> [What the task requires] From the line that contains "Utakmica Southamptona prekinuta" to the last line of the data below, transcribe every line exactly. Do not include the pictures.

> [Recorded information]
★ ★ ★

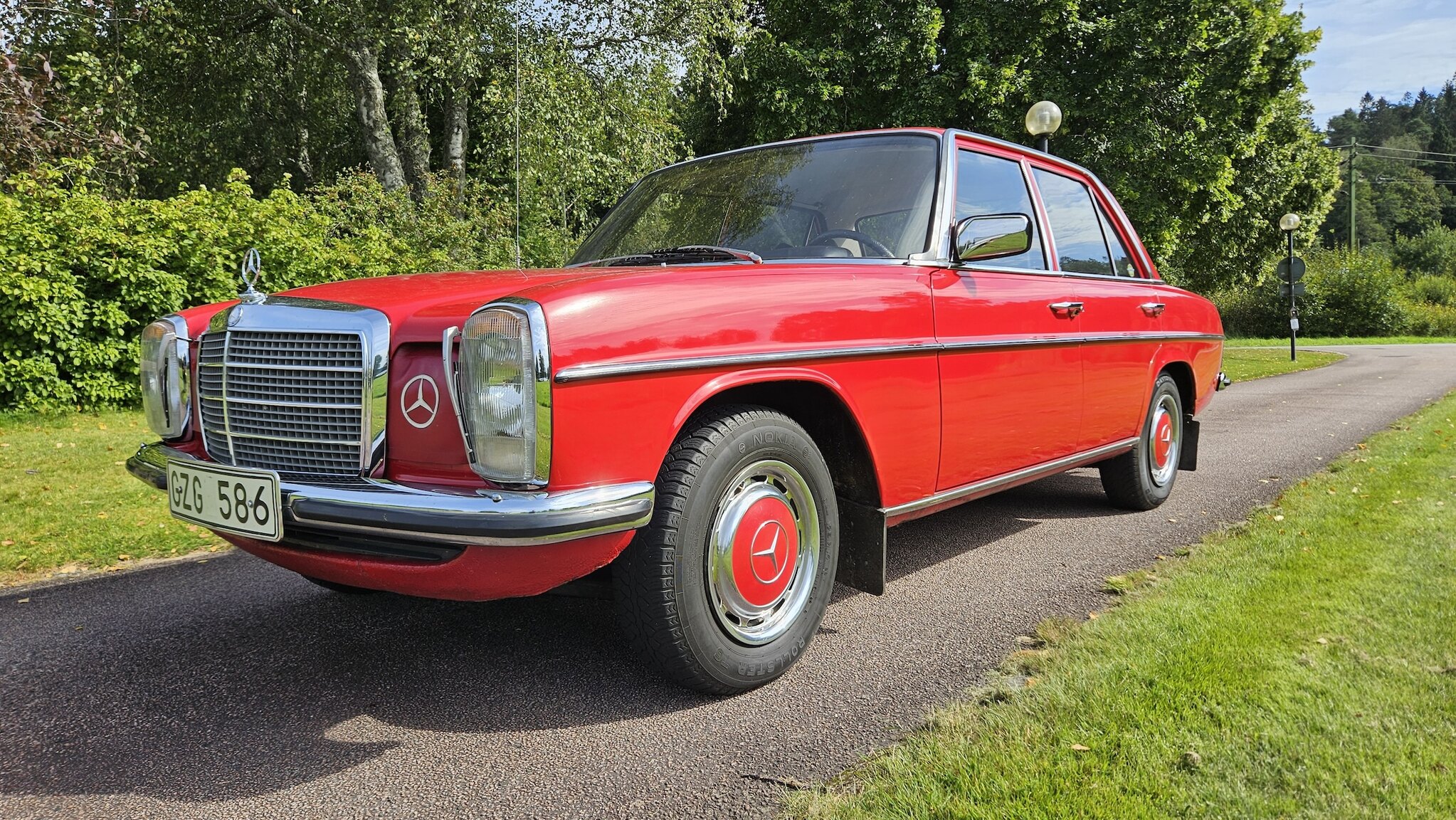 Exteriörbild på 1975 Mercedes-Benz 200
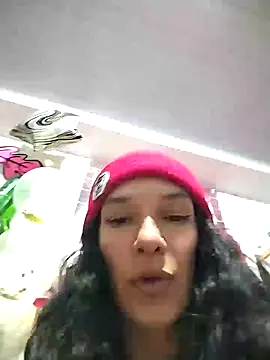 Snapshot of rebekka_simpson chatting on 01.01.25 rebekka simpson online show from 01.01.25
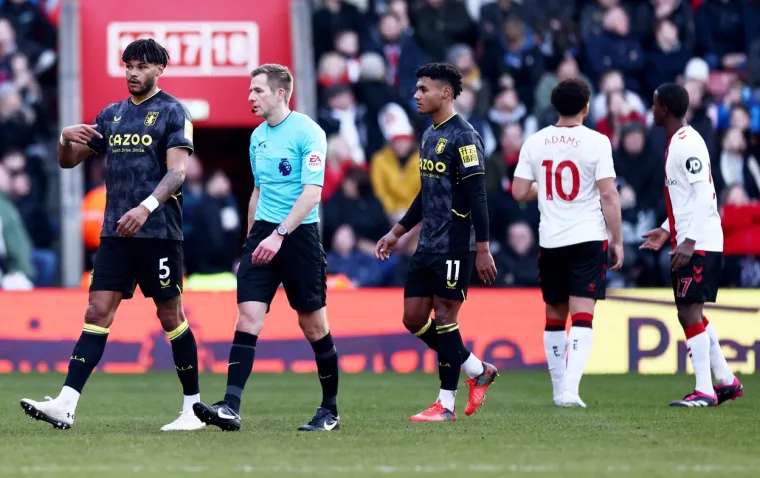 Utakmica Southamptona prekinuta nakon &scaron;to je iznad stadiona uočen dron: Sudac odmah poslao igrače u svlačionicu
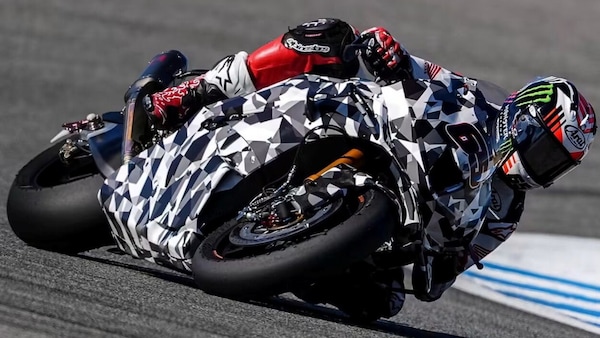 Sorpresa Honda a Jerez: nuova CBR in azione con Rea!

★ ★ ★

> [Task solution]
 Utakmica Southamptona prekinuta nakon &scaron;to je iznad stadiona uočen dron: Sudac odmah poslao igrače u svlačionicu
 Sorpresa Honda a Jerez: nuova CBR in azione con Rea!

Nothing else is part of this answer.